GitLab

Hi,

I'm working on a project where we're attempting to make our lib<name>.a output archive (which we distribute) deterministic, which is to say we have a requirement that the lib<name>.a is byte-for-byte identical across builds, across machines.

I'm finding that one of the places where this isn't true is related to the ar/ranlib tool on macOS including timestamps in the symbols table of the .a file.

There's a flag in the GNU binutils ar (-D), GNU binutils ranlib (-D), and a similar one in Apple/Xcode's libtool (can't find online documentation) (-D) that is meant for this purpose, where it sets the timestamps of the .o inputs to zero within the symbols table.
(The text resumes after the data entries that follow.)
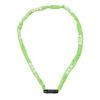 Zámek Axa Rigid Chain RCC 120 - kód Barva: Zelená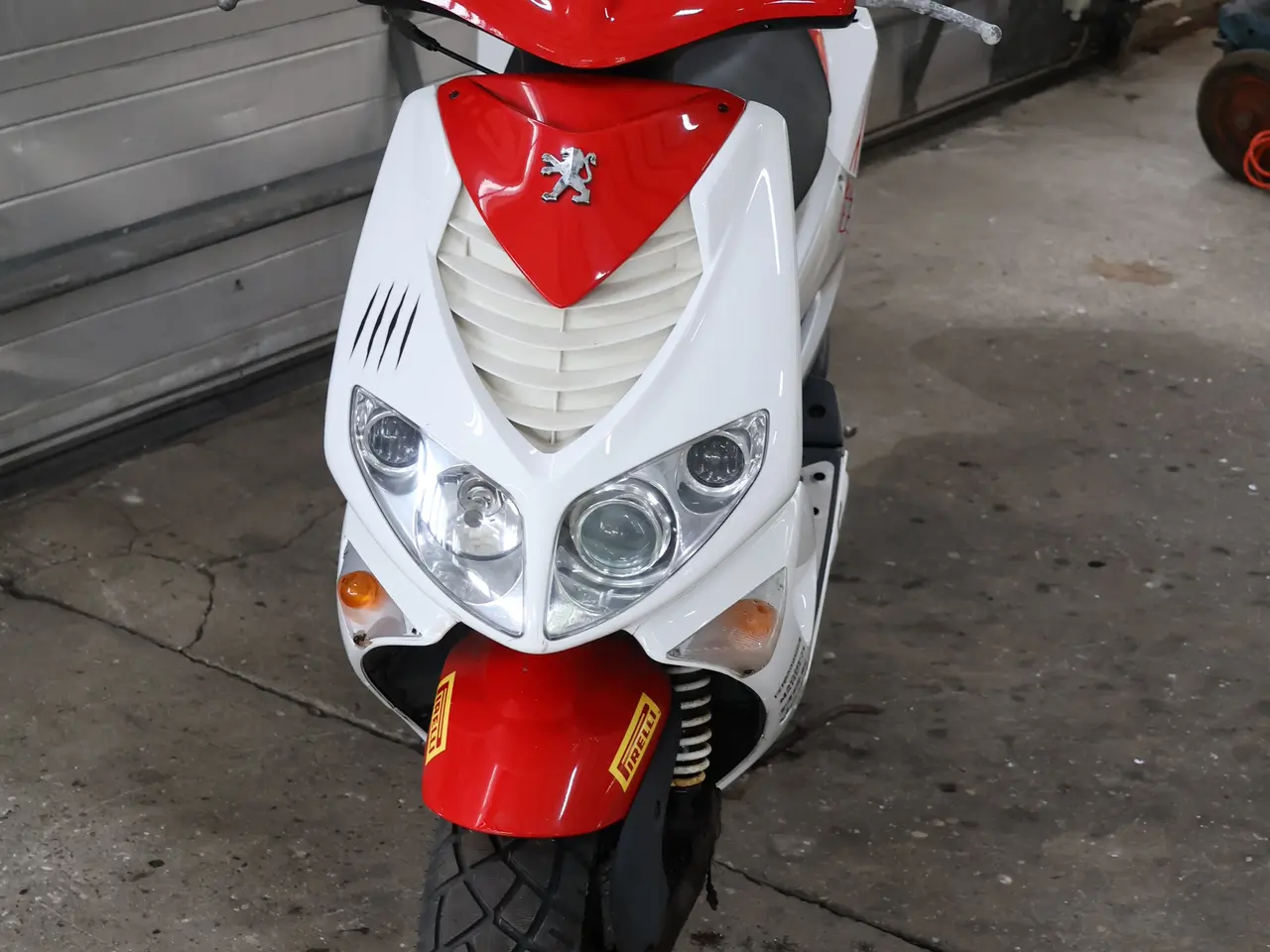 Billede 9 - Peugeot Speedfight 2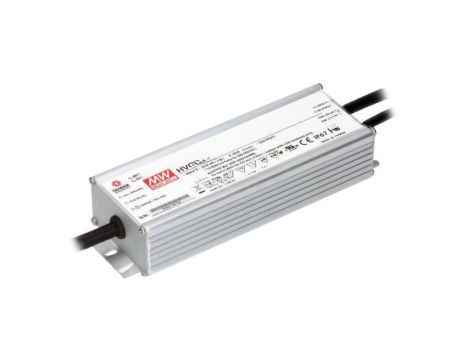 Zasilacz impulsowy LED, 65,1 W, napięcie wejściowe: 18...186 VDC, prąd wyjściowy: 0,35 A, IP67 HVGC-65-350B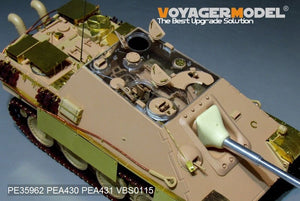 Voyager Model PE35962 WWII Jagdpanther G2 Version Basic Upgrade set For RMF 5012 1/35 – Bild 12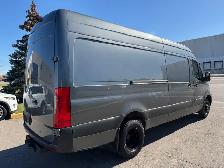 2021 Mercedes-Benz Sprinter Cargo Van CARGO 4500 - Photo 6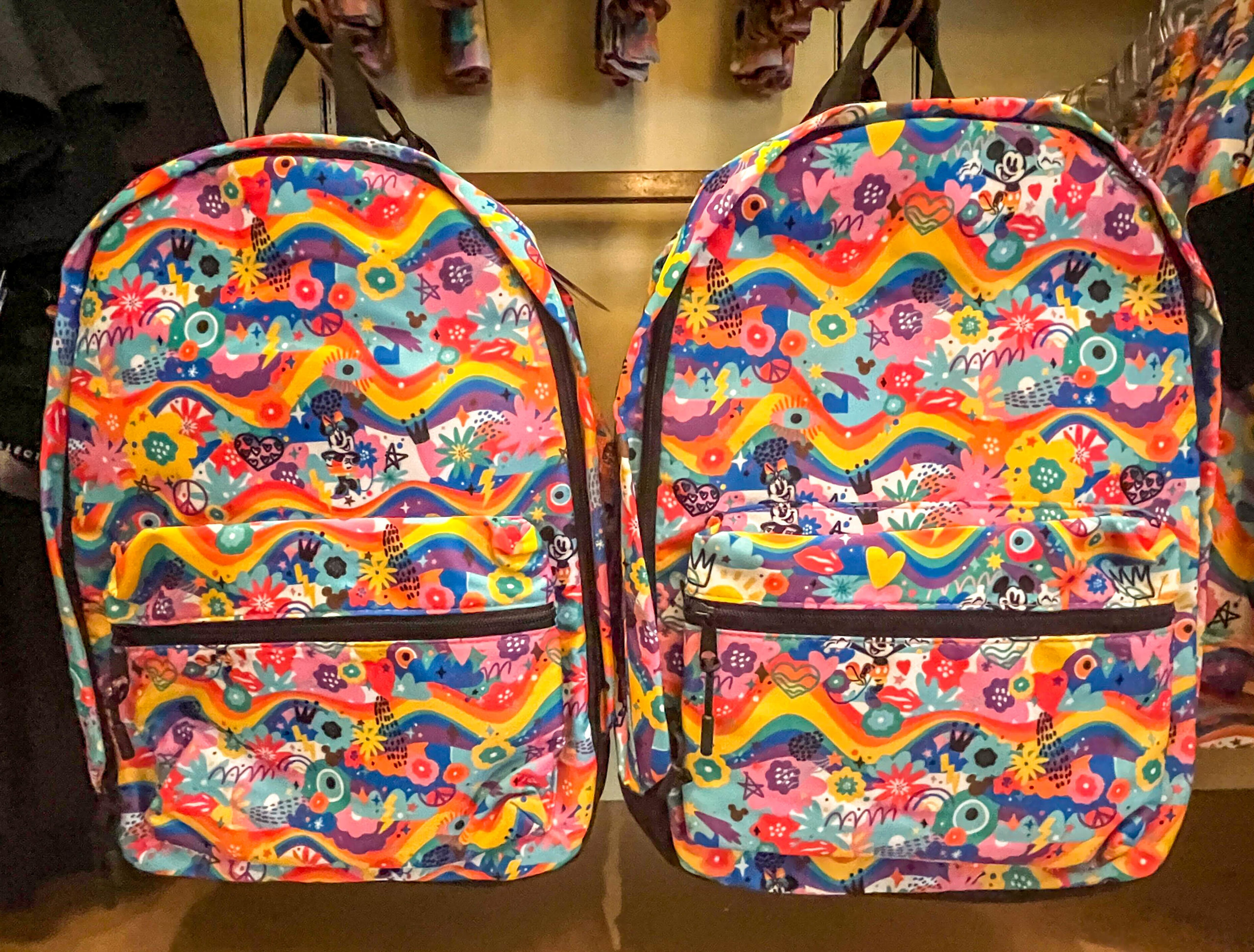 Pride Backpacks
Here's the description of the flag in GNU binutils ar:

[D] - use zero for timestamps and uids/gids (default)

and

‘D’ Operate in deterministic mode. When adding files and the archive index use zero for UIDs, GIDs, timestamps, and use consistent file modes for all files. When this option is used, if ar is used with identical options and identical input files, multiple runs will create identical output files regardless of the input files’ owners, groups, file modes, or modification times.

Here's the description of the flag in GNU binutils ranlib:

-D Use zero for symbol map timestamp (default)

and

-D Operate in deterministic mode. The symbol map archive member’s header will show zero for the UID, GID, and timestamp. When this option is used, multiple runs will produce identical output files.

Here's the description of the flag in Apple's libtool:

-D When building a static library, set archive contents' user ids, group ids, dates, and file modes to reasonable defaults. This allows libraries created with identical input to be identical to each other, regardless of time of day, user, group, umask, and other aspects of the environment.

It would be really nice to see deterministic build support in CMake. There are 3 issues that I've found related to supporting this that are inter-related:

• Support for adding RANLIBFLAGS to the linking step. This would be needed because even though ar is invoked and could have flags set using STATIC_LIBRARY_OPTIONS, ranlib is invoked right after, which in my testing seems to add the timestamps, since ranlib is generally the tool that is adding the symbols table (even though ar could be configured to add it instead). This is somewhat moot on certain Linux distros (Ubuntu, for example) since the ar and ranlib tools on those platforms enable the -D flag by default.
• Support within CMake for using libtool on macOS. Xcode's ar/ranlib tools don't seem to support the -D flag that the GNU binutils version supports. In the documentation for these tools, Apple states that their libtool is intended to be a replacement for ar and ranlib. Since Xcode's libtool appears to support the -D flag in the same manner as GNU binutils ar/ranlib, it would be acceptable for CMake to invoke libtool instead of ar and ranlib when building with the Xcode toolchain. This would require libtool support on CMake's end, as well as a way to specify LIBTOOLFLAGS. (Note: GNU libtool doesn't seem to support the -D flag, so it's unclear to me what other incompatibilities the Xcode and GNU versions might have, which, to me, suggests that on non-Apple platforms, the ar and ranlib tools might be preferred).
• Native CMake support for building determinstic static libraries (w.r.t. the symbols table). This would add the -D to the appropriate tools when enabled.

Even if native CMake support for deterministic static libraries was not added, it would be nice to see CMake use libtool when using the Xcode toolchain. That coupled with the ability to add flags to libtool on macOS platforms and ranlib on Linux platforms, would enable me to add support for creating deterministic symbols table within static libraries via the -D flag within my own project.

My current workaround is to set CMAKE_<lang>_CREATE_STATIC_LIBRARY on macOS platforms to something along the lines of /usr/bin/xcrun libtool -static -D -o <TARGET> <LINK_FLAGS> <OBJECTS>, which seems to have the same effect, but it would be preferable if CMake had native libtool support instead of relying on xcrun.